Nekonomicon - gcc 4.7 optimization options

diegel
Who joined Nov. 17, 2009, 2:08 a.m.
and authored 153 notes

Wrote the following at Jan. 25, 2013, 8:31 a.m...

I hope some more of us tested the gcc 4.7 already. Do you have any hints for best optimization for firfox3?

_________________
:Tezro:

ShadeOfBlue
Moderator
Who joined Nov. 25, 2003, 12:09 p.m.
and authored 726 notes

Wrote the following at Jan. 25, 2013, 9:22 a.m...

Try:

Code:

  -march=r12000 -O3 -fomit-frame-pointer -fno-math-errno -fno-rounding-math -fno-signaling-nans -funsafe-math-optimizations -fgcse-sm -fgcse-las -fipa-pta -ftree-loop-linear -ftree-loop-im -fivopts -fno-keep-static-consts
 

These options make some numerical code run 40% faster than MIPSpro's "-Ofast=ip35 -TARG:processor=r12000 -OPT:IEEE_arithmetic=3 -OPT:alias=typed". YMMV.

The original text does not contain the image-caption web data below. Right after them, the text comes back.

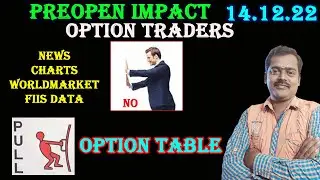 14.12.22 PreOpen Market Analysis Tamil|Option Trader - Optiontable|#optiontrickytrade |#optiontamil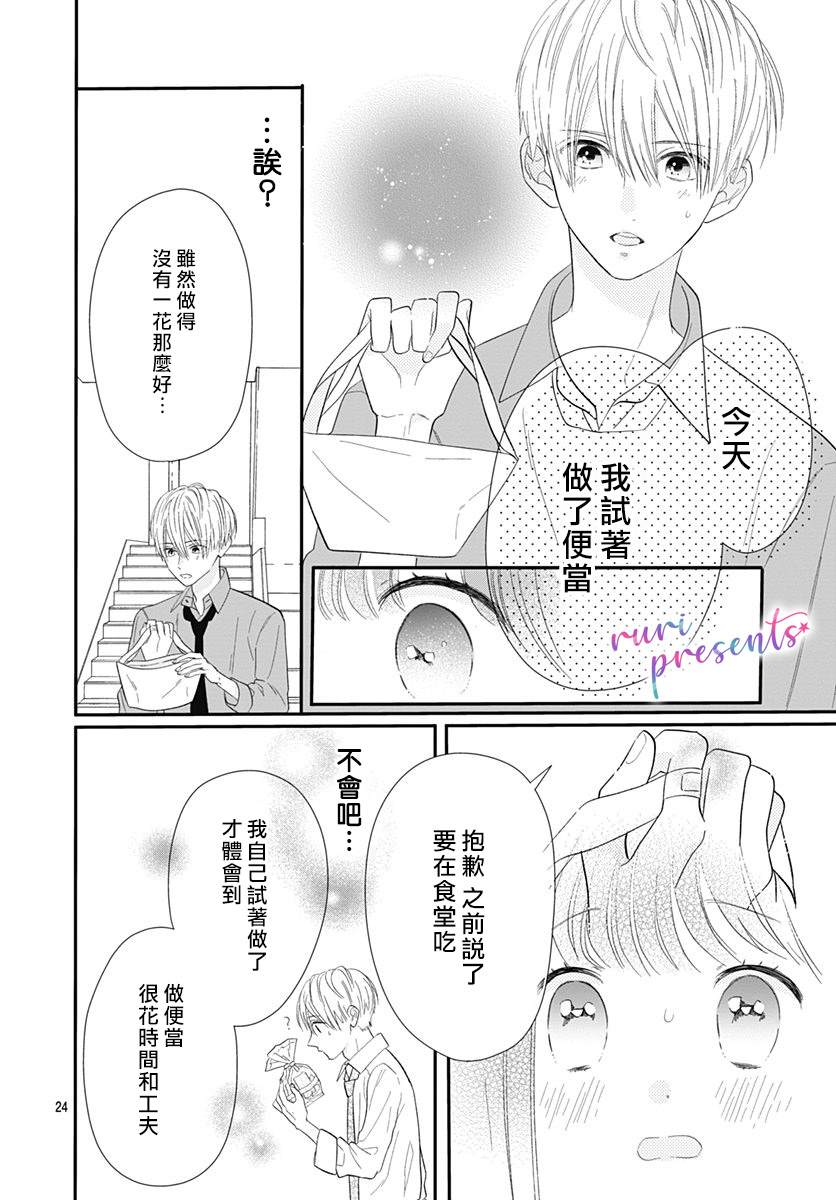 《mellow mellow》漫画最新章节第2话免费下拉式在线观看章节第【24】张图片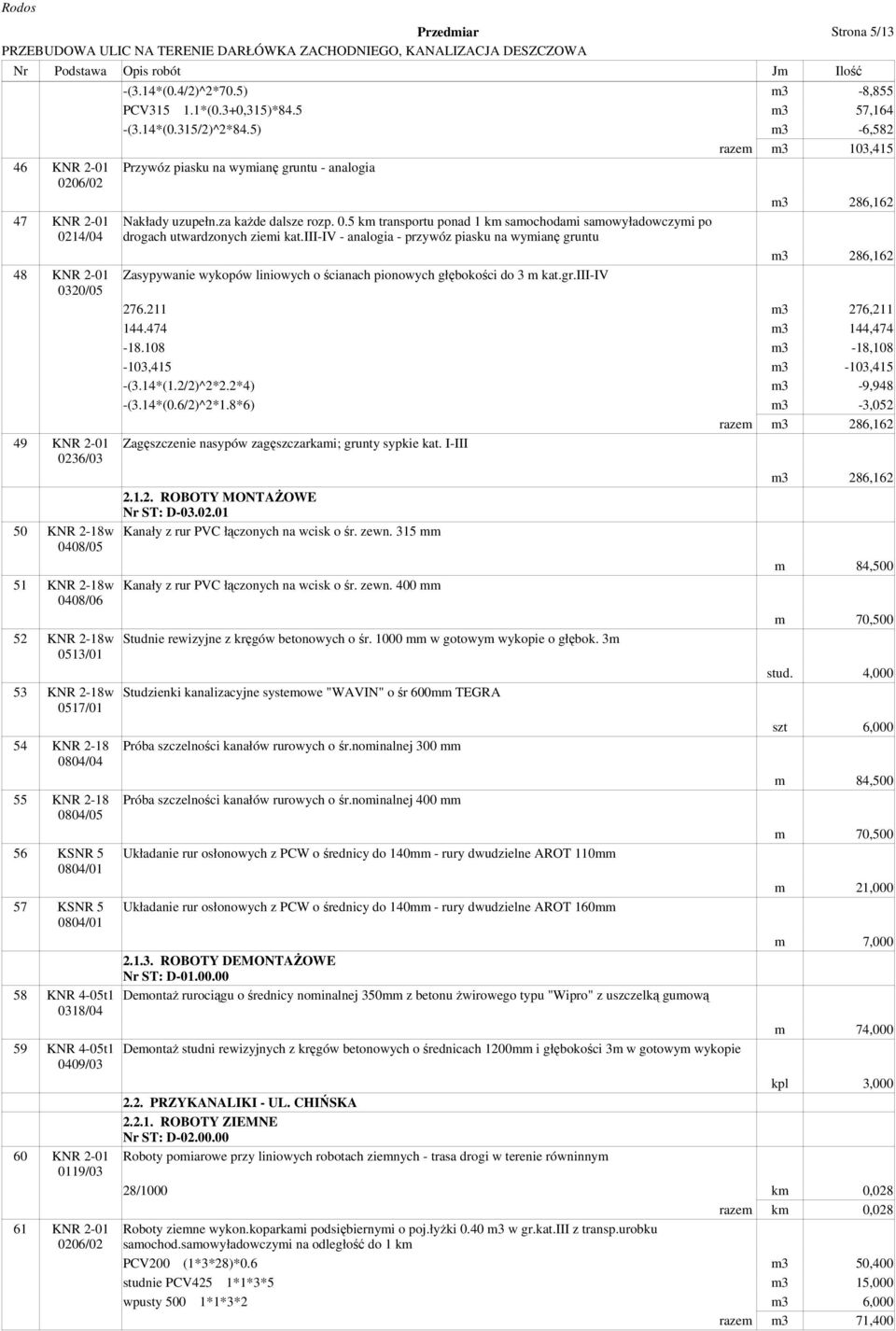 5) m3-6,582 razem m3 103,415 - analogia - przywóz piasku na wymianę gruntu m3 286,162 m3 286,162 276.211 m3 276,211 144.474 m3 144,474-18.108 m3-18,108-103,415 m3-103,415 -(3.14*(1.2/2)^2*2.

Also note that you shouldn't use "-Ofast" on gcc, since it enables "-ffast-math", which enables "-ffinite-math-only", which will break your code if it uses Inf and NaN (the Javascript interpreter probably uses them).

You can also try adding:

Code:

-fgraphite-identity -floop-block

to the above options. Then you can try adjusting "--param l1-cache-size", "--param l1-cache-line-size", and "--param l2-cache-size" for better performance. You can also try other Graphite-based optimizations, but they're still a bit experimental and can break the compiler

If the code doesn't use C++ exceptions, add:

Code:

-fno-exceptions -freorder-blocks-and-partition

(if it does, the compiler will warn you).

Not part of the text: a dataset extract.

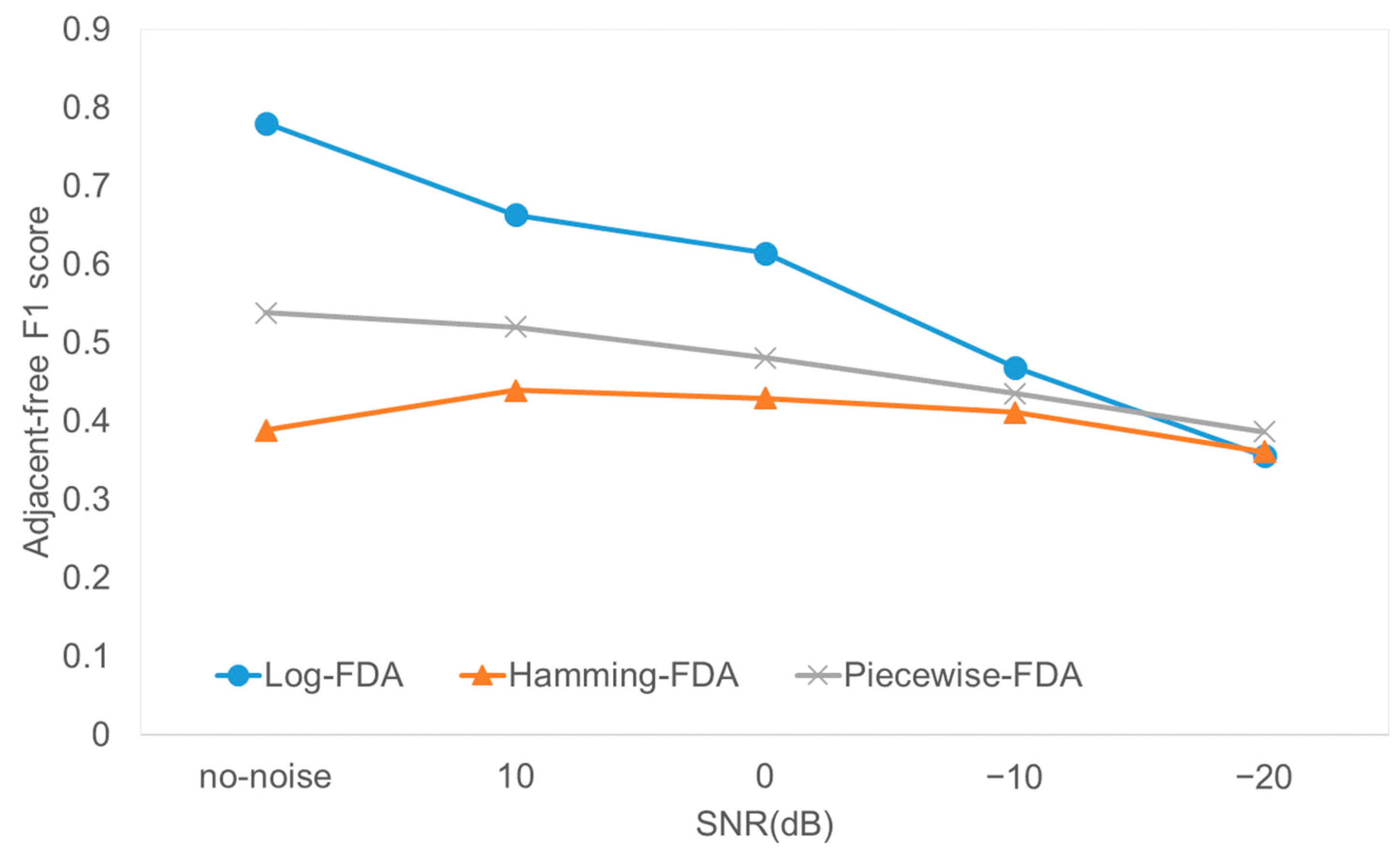 Electronics 14 03334 g013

If the code doesn't use C++ RTTI, add:

Code:

-fno-rtti

(as above, if the code uses this, the compiler will warn you).

Also, link everything statically (this also improves program startup time).

diegel
Who joined Nov. 17, 2009, 2:08 a.m.
and authored 153 notes

Wrote the following at Jan. 25, 2013, 9:53 a.m...

Thanks for the detailed answer. We have a lot of multiprocessor machines here. Do you think

Code:

-ftree-parallelize-loops=4

makes any sense?

_________________
:Tezro:

ShadeOfBlue
Moderator
Who joined Nov. 25, 2003, 12:09 p.m.
and authored 726 notes

Wrote the following at Jan. 25, 2013, 10:53 a.m...

diegel wrote:

Thanks for the detailed answer. We have a lot of multiprocessor machines here. Do you think

Code:

-ftree-parallelize-loops=4

makes any sense?

On Firefox, no, it would probably make things slower

Autoparallelization works great on certain number-crunching algorithms, but rendering webpages and executing javascript aren't something that could benefit from this.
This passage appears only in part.